When we examine control in defensive tactics, our primary interest is in controlling the suspect we are dealing with to prevent him from hurting us or hurting others. We are there as representatives of the community we serve and are charged with the responsibility to protect our citizens and visitors. When an individual breaks the peace and threatens the safety of our community we are called upon to take control of the situation and of the individual. We are not entitled to punish the offender, but rather to control his behavior until a court determines that he should be punished and how. Our primary goal is to restrain his actions through our presence, our communications skills, our understanding, or our ability to physically overcome him. It isn’t our goal to injure him or cause him unnecessary pain and suffering, but to simply control him so he is no longer a threat to himself or others.
As martial artists, control has many definitions and nuances. A karate practitioner develops the control to stop an eye-blinking punch or kick a hair’s breadth from his target. Judo players work long hours training to control their opponent and make him submit as they grapple across the mat. Students of the Japanese sword strive to make each sword movement exactly the same as every other with incredible surgical precision.
In the realm of self-defense we are anxious to control our environment so we are safe from predators who would harm us by locking our doors, being aware of our surroundings, and avoiding dangerous situations and circumstances. We wish to stop our assailant in his tracks so that we might move to safety and security.
In each of these three activities the word control is used, and used in a slightly different way. Each is entirely correct. But these definitions overlook the most important aspect of control – that of self control. Self control is the ability to maintain one’s emotional equilibrium, restraining anger and hostility, overcoming personal fears, and to maintain a firm resolve in the face of danger or adversity.
No matter how heinous the crime or how reprehensible the behavior of the offender, police officers are expected to maintain their self control and only use the force necessary to accomplish their duty. Martial artists are expected to develop self control to such a level that they never use their skill other than to protect themselves or others. In self defense, we are expected to control our fears and anger to only protect ourselves and not cross the line of abusive conduct.
It is a wonderful and worthwhile goal to develop the types of control we’ve discussed here, but the most important form of control remains self control. Without self control we become vigilantes as police officers. Without self control we become brutes as martial artists and insult our heritage. Without self control we become frightened bullies when defending ourselves.

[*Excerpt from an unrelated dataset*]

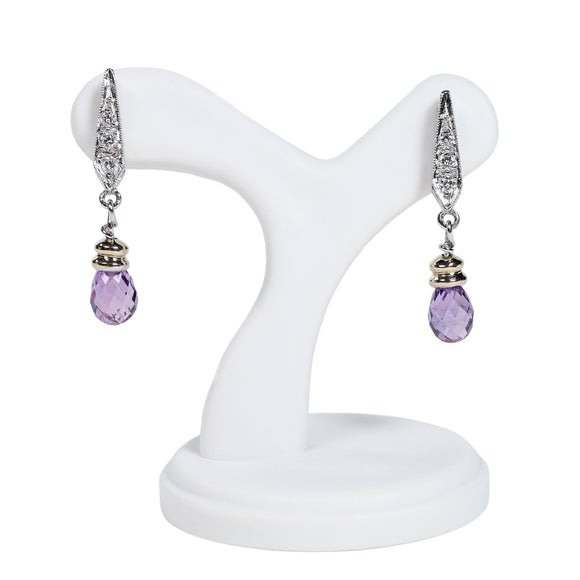 Gemstone Earrings Purple Sapphire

How do we develop this self control? The first step is to recognize that developing self control is a critical goal in itself and desire to improve the self control we’ve learned from our parents, religious leaders, teachers, and a lifetime of maturing. The second step is to train hard and learn and practice the skills that give us the confidence in ourselves that lead to self control. If a person is poorly trained and without skill, he will likely resort to the greatest amount of force he can muster at the time, whether it is necessary or appropriate.
By contrast a skilled individual; policeman, martial artist or defender will know that he is capable of meeting a challenge without relying on brutality and needless violence. He will confidently take charge of his own destiny, knowing that he is doing the right thing at the right time in the right way. His very actions will demonstrate and define self control – the most important form of control we know.